### [Problem statement]
Below are some records; output exactly the lines from the line with "Olimpia en fotos" to the line with "Louis Vuitton Louis", both ends kept, and nothing more.

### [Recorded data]

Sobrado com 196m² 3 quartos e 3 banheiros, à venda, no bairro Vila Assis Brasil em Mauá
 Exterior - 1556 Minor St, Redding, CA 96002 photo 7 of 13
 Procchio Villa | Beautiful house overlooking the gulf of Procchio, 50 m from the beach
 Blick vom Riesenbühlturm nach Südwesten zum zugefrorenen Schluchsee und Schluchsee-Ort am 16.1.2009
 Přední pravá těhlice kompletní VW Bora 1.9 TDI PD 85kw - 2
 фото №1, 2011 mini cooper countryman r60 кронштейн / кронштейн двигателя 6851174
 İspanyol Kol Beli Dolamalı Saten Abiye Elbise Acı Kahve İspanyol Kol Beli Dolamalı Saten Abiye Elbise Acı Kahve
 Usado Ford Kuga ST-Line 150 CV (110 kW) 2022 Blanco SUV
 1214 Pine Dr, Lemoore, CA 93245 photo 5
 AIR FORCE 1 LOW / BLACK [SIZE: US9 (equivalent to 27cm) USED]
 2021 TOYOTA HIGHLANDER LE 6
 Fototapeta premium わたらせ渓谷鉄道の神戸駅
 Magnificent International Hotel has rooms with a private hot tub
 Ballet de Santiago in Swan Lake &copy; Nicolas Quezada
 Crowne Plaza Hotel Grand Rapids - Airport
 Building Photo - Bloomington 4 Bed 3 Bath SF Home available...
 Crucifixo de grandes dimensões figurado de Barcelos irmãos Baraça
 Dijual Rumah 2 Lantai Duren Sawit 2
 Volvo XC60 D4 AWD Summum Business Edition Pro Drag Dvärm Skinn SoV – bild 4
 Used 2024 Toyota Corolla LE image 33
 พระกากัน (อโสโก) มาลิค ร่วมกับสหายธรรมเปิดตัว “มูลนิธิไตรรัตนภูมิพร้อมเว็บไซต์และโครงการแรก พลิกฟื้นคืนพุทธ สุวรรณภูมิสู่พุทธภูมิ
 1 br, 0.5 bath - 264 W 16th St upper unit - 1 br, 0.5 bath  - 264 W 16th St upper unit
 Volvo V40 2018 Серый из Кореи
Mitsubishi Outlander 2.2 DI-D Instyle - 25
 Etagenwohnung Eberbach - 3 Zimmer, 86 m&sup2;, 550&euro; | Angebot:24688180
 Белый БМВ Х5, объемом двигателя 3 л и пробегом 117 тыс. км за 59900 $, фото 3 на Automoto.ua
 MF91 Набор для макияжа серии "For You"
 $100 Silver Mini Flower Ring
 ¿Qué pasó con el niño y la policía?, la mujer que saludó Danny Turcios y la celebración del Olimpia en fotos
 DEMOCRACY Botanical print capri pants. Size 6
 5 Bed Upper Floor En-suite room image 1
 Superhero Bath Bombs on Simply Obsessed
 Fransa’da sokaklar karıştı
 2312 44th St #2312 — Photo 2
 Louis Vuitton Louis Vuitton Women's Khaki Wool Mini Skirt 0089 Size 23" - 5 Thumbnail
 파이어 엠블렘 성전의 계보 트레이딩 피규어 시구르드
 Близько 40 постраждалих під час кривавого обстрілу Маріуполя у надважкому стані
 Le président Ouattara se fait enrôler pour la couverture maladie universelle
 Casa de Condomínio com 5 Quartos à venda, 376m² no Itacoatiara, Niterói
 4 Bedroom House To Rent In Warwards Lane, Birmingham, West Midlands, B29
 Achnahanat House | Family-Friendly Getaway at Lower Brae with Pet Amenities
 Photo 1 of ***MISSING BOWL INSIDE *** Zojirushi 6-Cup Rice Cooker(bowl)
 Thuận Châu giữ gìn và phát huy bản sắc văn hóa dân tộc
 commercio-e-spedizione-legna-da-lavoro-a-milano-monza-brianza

### [Exercise answer]
 ¿Qué pasó con el niño y la policía?, la mujer que saludó Danny Turcios y la celebración del Olimpia en fotos
 DEMOCRACY Botanical print capri pants. Size 6
 5 Bed Upper Floor En-suite room image 1
 Superhero Bath Bombs on Simply Obsessed
 Fransa’da sokaklar karıştı
 2312 44th St #2312 — Photo 2
 Louis Vuitton Louis Vuitton Women's Khaki Wool Mini Skirt 0089 Size 23" - 5 Thumbnail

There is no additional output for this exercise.